I'd deepen the main character. Why is she so desperate to get away from her parents? How'd she find out about Striker? A woman not wanting to follow the norms of society is fairly typical of fiction from this time period, so her characterization must be deep. Plenty of time for this in pages to come, though. I'd read on.

Anne Love said...

I'd read on if the writing was improved, get rid of cliches. Work on making the descriptions draw the reader in deeper--people bustled, boards groaned, dust stirred, mothers held--blech. Make them consistent with the setting. I thought Oregon was wet and rainy, thus "dreary" fits, but not dusty if its damp.

I'm not a grammar queen by any means, but the verb tenses seem to need work to me (and I might be wrong!). "had hesitated traveling to"? But that can all be worked out with a crit partner and good edit.

I liked the word play with the old diagnosis term for influenza--la grippe, and wondering what made her parents release their "grip" on her instead of holding on tighter?

I liked the opening line (except this non-grammar queen had to reread it 2-3 times thinking about the use of lie vs. lay). I'm wondering what has made her this obsessed with Striker? It seems her obsession with him has landed her at the Woman's Liberator, which I assume she could care less about the paper. Perhaps she's actually a traditional woman, and he'll mistake her for a liberal woman. That would spice things up!

Has potential. Time period not overdone. Influenza epidemic interesting.



Linda Glaz said...

Tim, I'd have to agree with you. I don't see this as being your genre either. And yes, I would read on. Actually, I did read on, and what a great story it is! Woohoo!

writebonnierose said...

To be honest, I'm not sure. There isn't anything about it that makes me not want to read on. But, it didn't grab my attention, either. My decision would probably be based on what I had read about the book, such as the back cover. I'd need something to draw me in a little further.
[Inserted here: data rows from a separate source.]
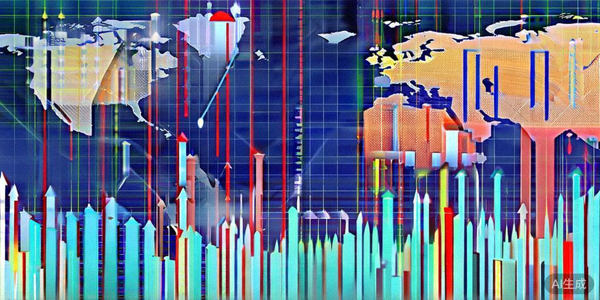 全球地图上覆盖着上升的箭头和增长曲线，象征全球电商市场的扩张与增长机遇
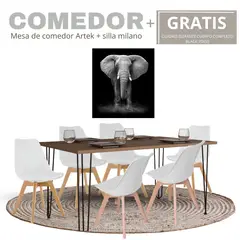 EKONOMODO COLOMBIA - Mesa de comedor Artek miel+ Set x 6 silla milano B GRATIS cuadro 70x50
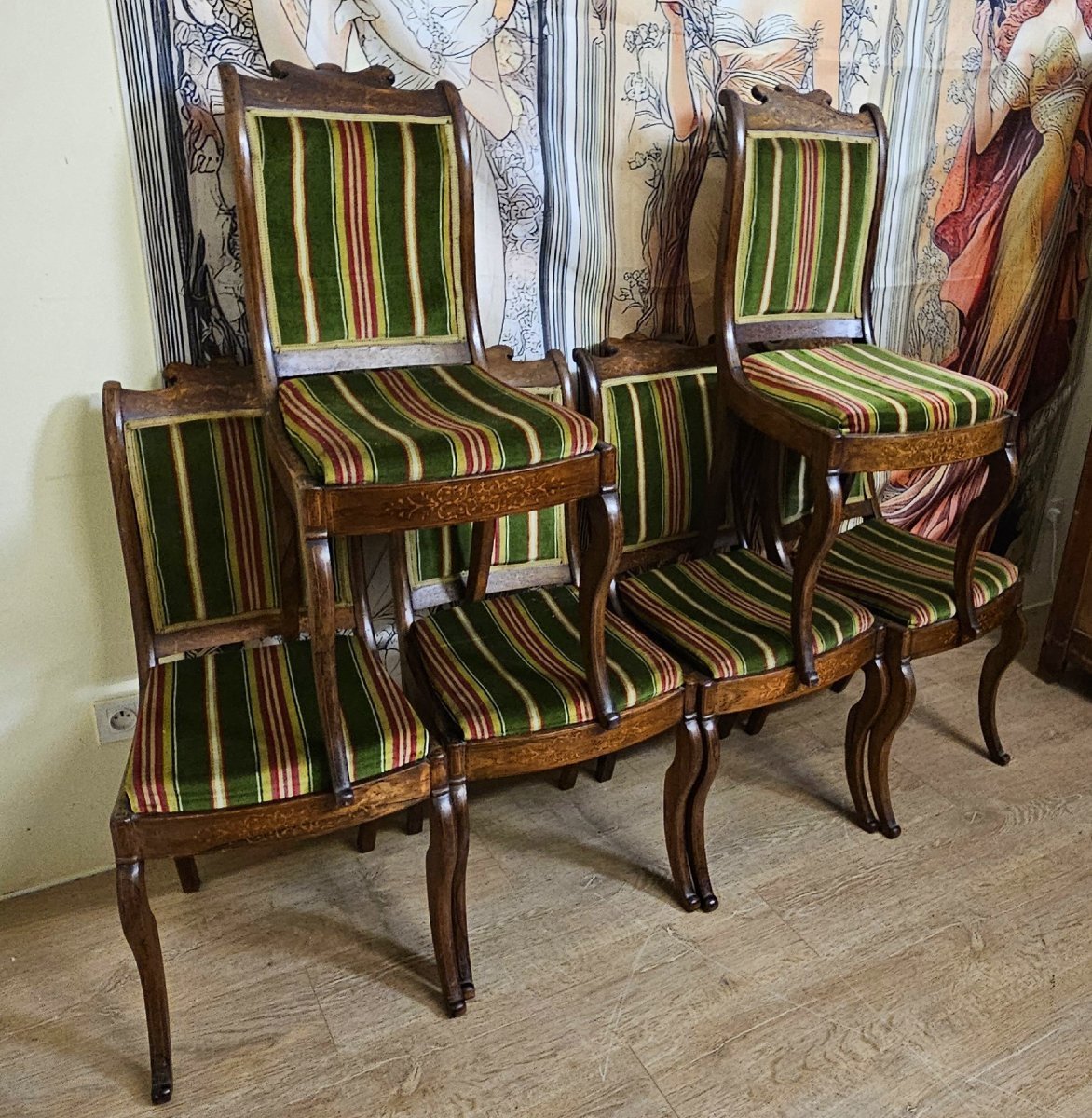Suite Of Six Charles X Period Inlaid Rosewood Chairs-photo-3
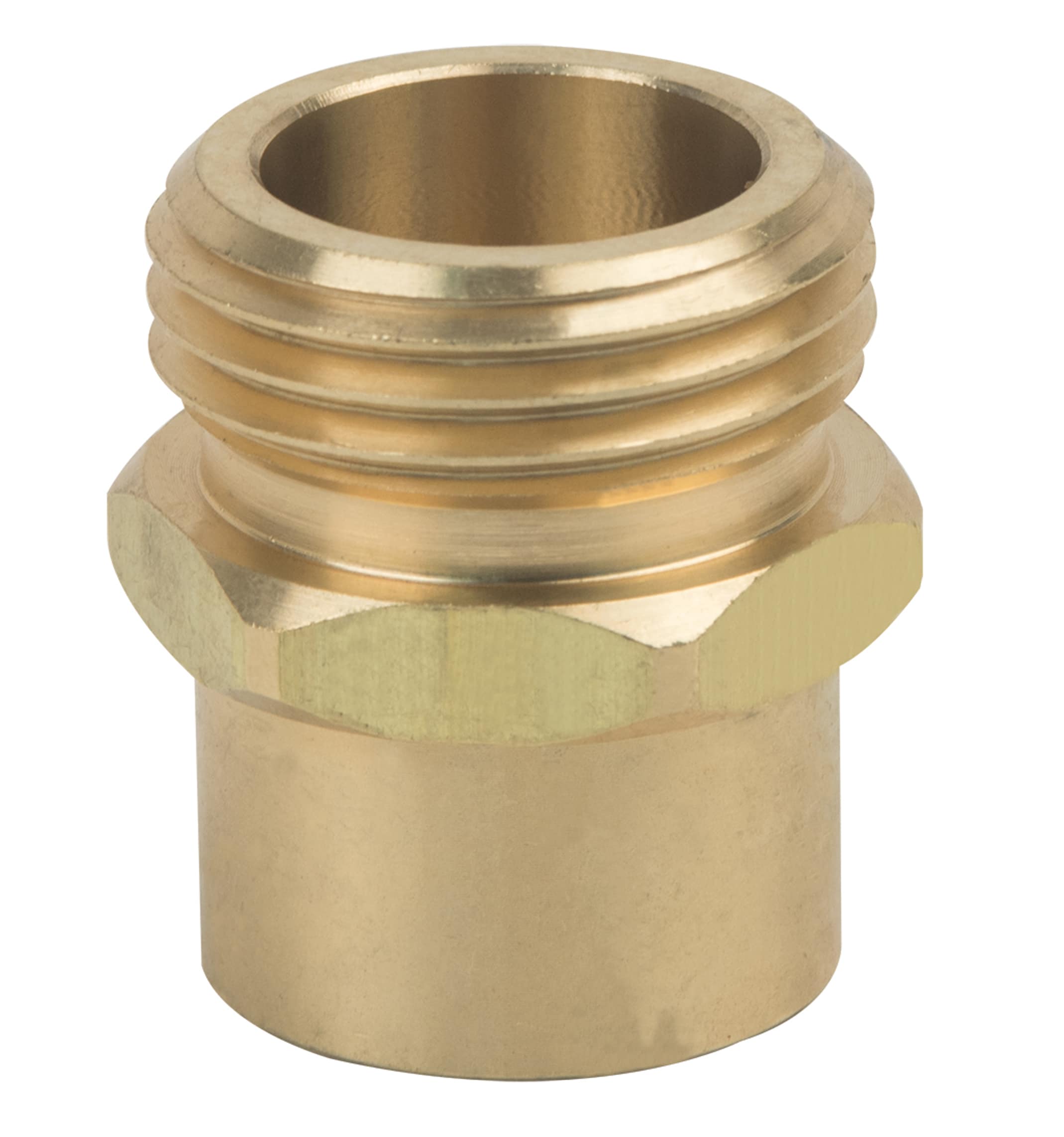 1/2" Male NPT Pipe to 3/4" Male Garden Hose End GHT Adapter with shut off valve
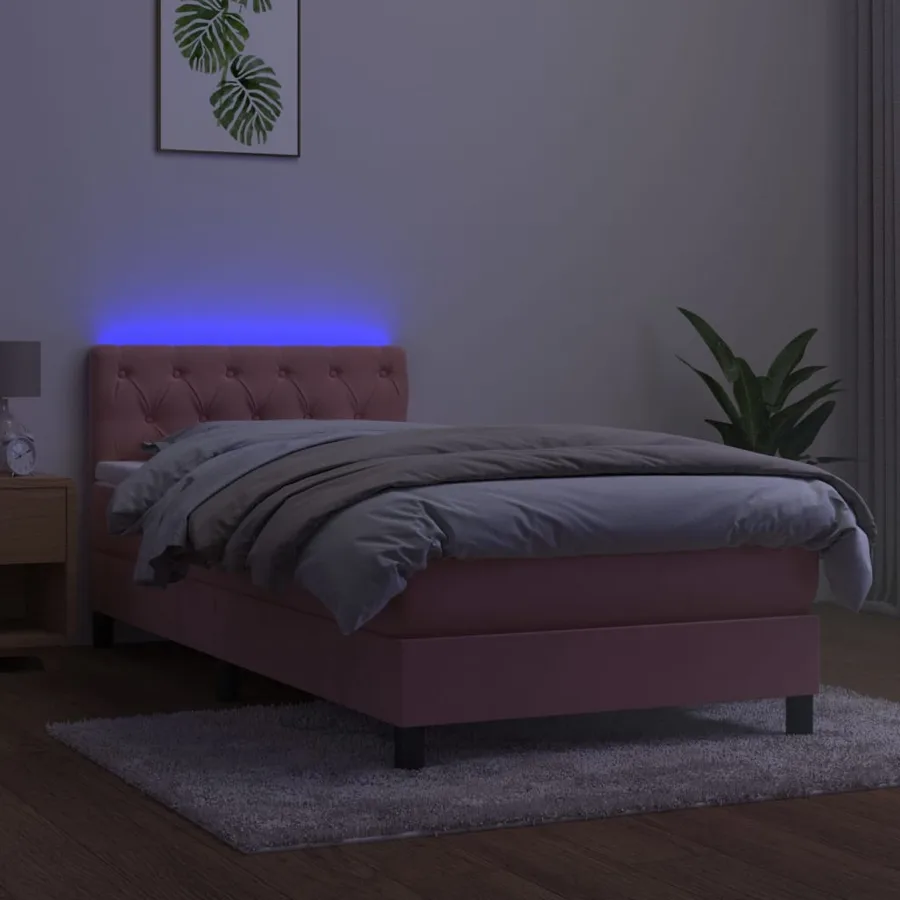 Sommier à lattes de lit avec matelas et LED Rose 80x200 cm - 4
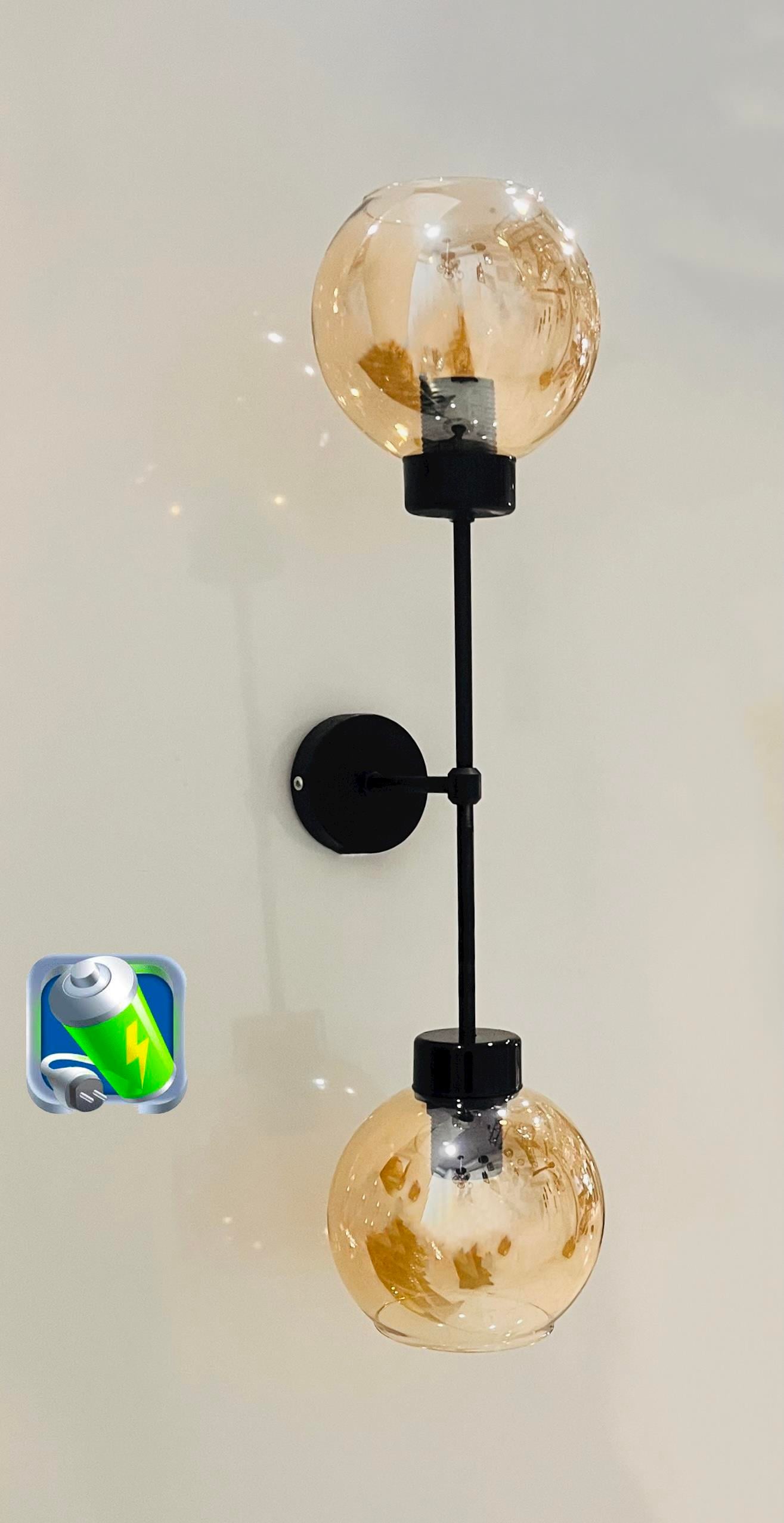 Şarj Et Kullan Poyraz Şarjlı Pilli Aplik Siyah Kasa Bal Camlı Metal Modern Cafe Aydınlatma -2 AdetŞarjlı Pilli Aplik Pandora Büyük Boy Gold Kristal Taşlı Lüx Aplik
I agree with the comment that a special agent in 1918 is an interesting idea--but I would need to know something beyond that, just in the form of a teaser, to make me read on.

Linda Glaz said...

Bonnierose, you make a really good point, it IS hard sometimes to know where these stories are going from just the first page. Diana, is there any chance we could have the book blurbs ahead of the first page???That would really help us know where the story's doing. Good thought, BR

Sharon A. Lavy said...

I would turn the page because I want to know if someone is going to pick her up. I also want to know who the cowboy is. Is it her ride, wanting to tease her first? Is is someone dangerous? so yes, I would turn the page.

Sharon A. Lavy said...

I suggest you disable the robot catcher. It is almost too hard to bother posting anymore.

Took 5 tries to post the first one and now this is #4 for this one.

Carole said...

A true Anglophile, I typically read British Historical Fiction. I find that I want to read on and see what happens to Gracelyn.

Lynn Donovan said...

Yes I'd read on. I agree the scene where striker is revealed needs tightening but the writing is good and with editorial improvement will be really good. I sense Gracelyn has some growing up to do. Like maaybe she'll have to tote her own luggage. She is out west now! I anticipate this to be a good read!

Lynn Donovan said...

Yes I'd read on. I agree the scene where striker is revealed needs tightening but the writing is good and with editorial improvement will be really good. I sense Gracelyn has some growing up to do. Like maaybe she'll have to tote her own luggage. She is out west now! I anticipate this to be a good read!